Dass mit Plünderungen und Zerstörung der eigenen Nachbarschaft niemandem geholfen sei, hört man, und es klingt vernünftig und besonnen - und geht am Kern des Problems vorbei. Menschen brauchen keinen Grund zum plündern, rauben und morden. Sie brauchen Gründe, es nicht zu tun.
Der beste Grund dafür ist Zukunft, für sich und für seine Kinder. Wer keine lebenswerte Zukunft vor sich sehen kann, hat auch keinen Grund, sich mit irgendwas zurückzuhalten, seine Impulse zu kontrollieren, zu sparen, sich zu bilden und etwas aufzubauen.
Stattdessen wird gelebt, als sei der jeder Tag der letzte, und vor allem für schwarze Männer in den USA ist das leider häufig genug Realität, dass sie Opfer von Polizeibrutalität, Rechtsextremisten, ungerechter Justiz oder Kriminellen und Gangs in ihrer Nachbarschaft werden.
Sozialer Aufstieg wird dadurch erschwert, dass sie oft in Vierteln aufwachsen, wo öffentliche Einrichtungen wie Krankenhäuser, Schulen und (Sicherheits-)Behörden personell und materiell vergleichsweise schlecht ausgestattet sind. Von Chancengleichheit kann keine Rede sein.
Solange die USA nicht massiv Geld in die Hand nehmen, um die Infrastruktur in sozialen Brennpunkten aufzuwerten, wird sich nicht viel ändern. Dazu müsste in aber das Bewusstsein einkehren, dass das Leben kein Wettkampf ist, in dem sich die Verlierer nicht genug angestrengt haben.
Dieses Bewusstsein herrscht leider auch oft in den Köpfen der Unterprivilegierten vor. Wer von Kindheit an von der Mehrheitsgesellschaft behandelt wird, als seien er und seine Familie weniger wert, weil sie eine andere Hautfarbe haben, glaubt es leicht selbst.

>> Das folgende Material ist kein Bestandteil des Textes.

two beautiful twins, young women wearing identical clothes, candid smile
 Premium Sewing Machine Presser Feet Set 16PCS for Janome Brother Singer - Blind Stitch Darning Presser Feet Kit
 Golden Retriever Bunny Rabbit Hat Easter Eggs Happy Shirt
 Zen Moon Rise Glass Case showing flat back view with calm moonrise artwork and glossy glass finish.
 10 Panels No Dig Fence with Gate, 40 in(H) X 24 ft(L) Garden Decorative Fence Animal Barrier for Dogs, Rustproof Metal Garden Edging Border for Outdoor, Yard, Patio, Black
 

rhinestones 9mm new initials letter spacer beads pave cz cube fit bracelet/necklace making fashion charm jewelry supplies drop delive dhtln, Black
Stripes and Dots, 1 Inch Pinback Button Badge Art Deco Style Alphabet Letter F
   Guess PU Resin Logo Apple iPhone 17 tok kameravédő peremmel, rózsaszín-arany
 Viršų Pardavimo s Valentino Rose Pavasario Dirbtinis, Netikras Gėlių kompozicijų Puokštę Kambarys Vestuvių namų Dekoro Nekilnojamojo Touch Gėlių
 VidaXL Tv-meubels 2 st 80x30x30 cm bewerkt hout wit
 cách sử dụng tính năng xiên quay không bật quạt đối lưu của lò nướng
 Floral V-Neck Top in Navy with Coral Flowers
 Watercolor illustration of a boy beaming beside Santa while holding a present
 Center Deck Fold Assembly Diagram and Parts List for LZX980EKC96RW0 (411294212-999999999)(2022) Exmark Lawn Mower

Trevor Noah brachte den Gesellschaftsvertrag ins Spiel, der für Schwarze in den USA nicht funktioniert. Weil sie für ihr gesellschaftliches Wohlverhalten nicht fair entlohnt werden, fällt der Anreiz weg, sich im Sinne der Gemeinschaft zu verhalten.
Wenn jemand grundlos von der Polizei und Justiz gedemütigt, misshandelt, eingesperrt oder getötet werden kann, hat er auch keinen intrinschen Grund, sich sozial und zivilisiert zu verhalten.
Der Gesellschaftsvertrag von Hobbes, Locke und Rousseau ist aber eine Idealisierung, die in der Realität nicht vorkommt, und er war seinerzeit auch nur für weiße, steuerzahlende Männer gedacht. Frauen, Farbige und Arme galten damals nicht als vollwertige Menschen.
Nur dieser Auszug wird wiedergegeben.